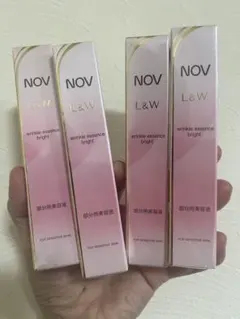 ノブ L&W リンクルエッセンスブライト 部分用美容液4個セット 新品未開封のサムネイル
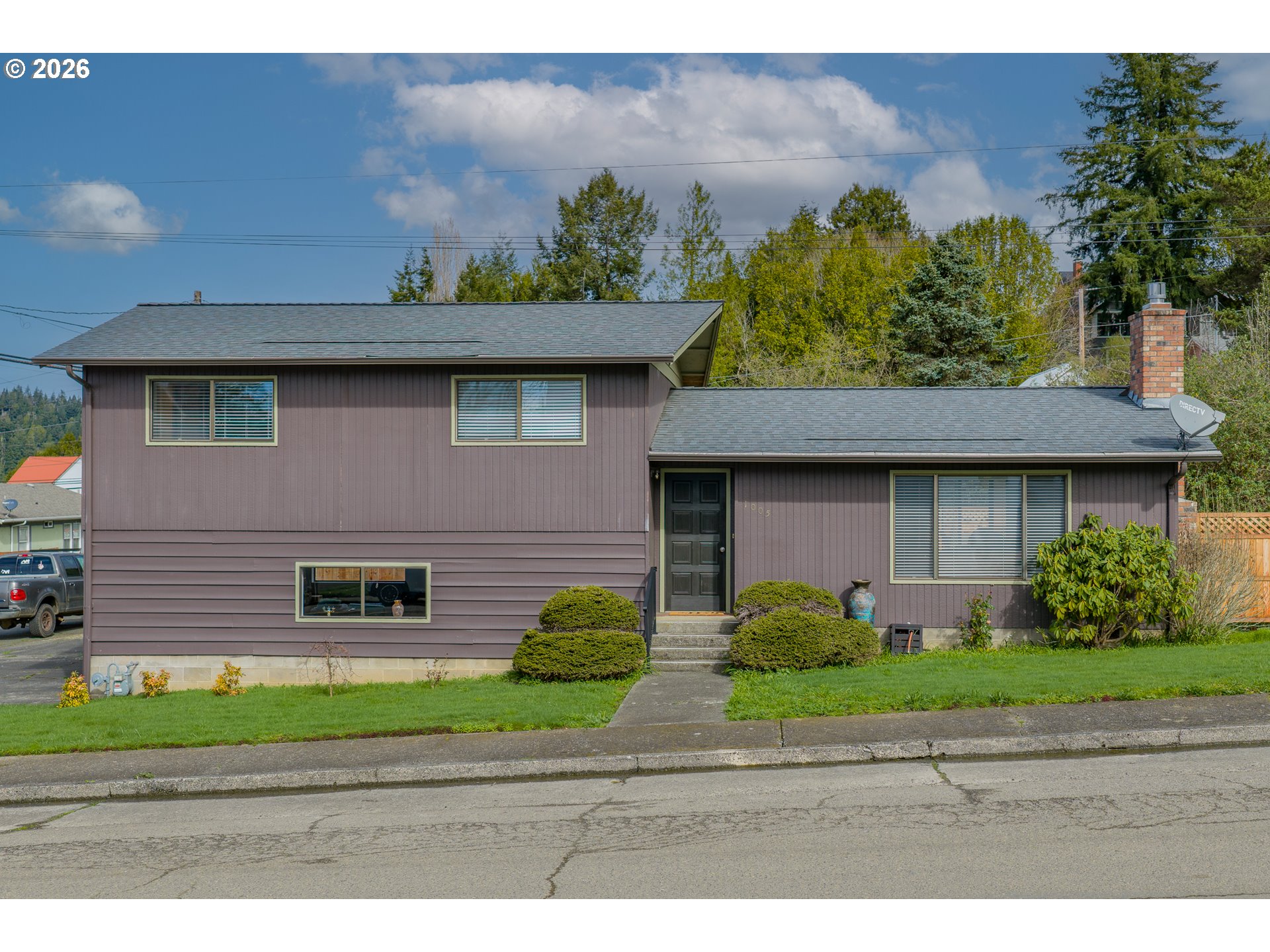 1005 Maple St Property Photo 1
============
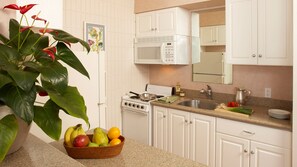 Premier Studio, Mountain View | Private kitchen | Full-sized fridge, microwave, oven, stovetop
============
Once the line with "ノブ L&W リンクルエッセンスブライト 部分用美容液4個セット 新品未開封のサムネイル" is found in the data above, reproduce it and each line after it exactly, through the line with "1005 Maple St Property Photo 1". Omit the pictures.

 ノブ L&W リンクルエッセンスブライト 部分用美容液4個セット 新品未開封のサムネイル
 1005 Maple St Property Photo 1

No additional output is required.